▼

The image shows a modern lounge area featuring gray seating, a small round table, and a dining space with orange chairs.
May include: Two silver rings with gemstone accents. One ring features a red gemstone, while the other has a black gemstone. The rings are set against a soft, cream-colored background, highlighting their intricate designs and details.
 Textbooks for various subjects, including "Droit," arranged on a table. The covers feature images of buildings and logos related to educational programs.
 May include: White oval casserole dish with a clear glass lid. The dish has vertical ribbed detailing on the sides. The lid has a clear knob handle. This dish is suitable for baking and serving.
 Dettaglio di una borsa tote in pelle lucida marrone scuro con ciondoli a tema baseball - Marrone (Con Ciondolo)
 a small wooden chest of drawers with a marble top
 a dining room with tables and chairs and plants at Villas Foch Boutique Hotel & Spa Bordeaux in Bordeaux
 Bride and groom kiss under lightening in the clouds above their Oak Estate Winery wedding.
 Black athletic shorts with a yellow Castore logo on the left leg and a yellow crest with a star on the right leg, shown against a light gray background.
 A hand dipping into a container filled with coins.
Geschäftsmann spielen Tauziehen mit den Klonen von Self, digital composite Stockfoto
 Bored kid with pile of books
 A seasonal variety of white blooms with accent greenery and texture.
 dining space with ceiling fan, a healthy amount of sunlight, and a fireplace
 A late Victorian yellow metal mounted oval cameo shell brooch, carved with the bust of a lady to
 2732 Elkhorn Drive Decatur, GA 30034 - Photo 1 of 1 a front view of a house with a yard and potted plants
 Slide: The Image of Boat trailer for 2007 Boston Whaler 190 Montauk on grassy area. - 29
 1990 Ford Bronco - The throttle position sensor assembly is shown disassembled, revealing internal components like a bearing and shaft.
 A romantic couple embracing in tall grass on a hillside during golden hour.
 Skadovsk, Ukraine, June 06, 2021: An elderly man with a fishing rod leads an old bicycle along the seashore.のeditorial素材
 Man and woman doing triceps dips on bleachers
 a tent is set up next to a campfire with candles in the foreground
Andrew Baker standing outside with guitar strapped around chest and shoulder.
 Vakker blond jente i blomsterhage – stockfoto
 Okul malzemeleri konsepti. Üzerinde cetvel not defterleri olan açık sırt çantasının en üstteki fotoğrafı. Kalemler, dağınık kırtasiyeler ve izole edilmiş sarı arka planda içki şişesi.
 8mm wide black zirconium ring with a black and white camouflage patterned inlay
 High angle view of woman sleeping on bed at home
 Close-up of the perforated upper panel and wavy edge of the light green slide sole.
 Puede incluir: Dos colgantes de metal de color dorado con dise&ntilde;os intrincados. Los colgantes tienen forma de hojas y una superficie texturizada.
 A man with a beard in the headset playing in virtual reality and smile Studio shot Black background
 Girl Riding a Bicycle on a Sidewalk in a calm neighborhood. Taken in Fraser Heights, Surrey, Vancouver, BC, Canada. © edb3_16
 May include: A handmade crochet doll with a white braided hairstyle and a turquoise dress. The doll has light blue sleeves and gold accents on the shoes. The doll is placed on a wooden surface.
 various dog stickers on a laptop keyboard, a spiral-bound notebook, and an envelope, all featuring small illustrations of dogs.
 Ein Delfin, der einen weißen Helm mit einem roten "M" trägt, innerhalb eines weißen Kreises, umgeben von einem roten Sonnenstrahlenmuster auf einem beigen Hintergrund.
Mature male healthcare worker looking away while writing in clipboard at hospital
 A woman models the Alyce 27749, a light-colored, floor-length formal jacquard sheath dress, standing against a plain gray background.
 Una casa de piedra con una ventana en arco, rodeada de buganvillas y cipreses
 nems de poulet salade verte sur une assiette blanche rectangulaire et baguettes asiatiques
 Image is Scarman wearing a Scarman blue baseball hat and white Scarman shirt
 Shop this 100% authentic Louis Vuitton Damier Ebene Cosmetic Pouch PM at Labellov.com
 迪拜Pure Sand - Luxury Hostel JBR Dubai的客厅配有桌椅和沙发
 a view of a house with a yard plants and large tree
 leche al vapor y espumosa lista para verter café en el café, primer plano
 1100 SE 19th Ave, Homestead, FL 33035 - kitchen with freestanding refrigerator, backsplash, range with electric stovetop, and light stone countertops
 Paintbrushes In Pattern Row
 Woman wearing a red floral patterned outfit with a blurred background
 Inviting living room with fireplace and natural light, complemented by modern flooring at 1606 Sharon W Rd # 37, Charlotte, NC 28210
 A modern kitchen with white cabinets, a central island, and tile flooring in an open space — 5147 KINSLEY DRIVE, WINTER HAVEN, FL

▲

■ DESCRIPTION OF THE TASK ■
Nothing but a number is required: the number of lines in the material holding the string "include".

■ RESULT BELOW ■
3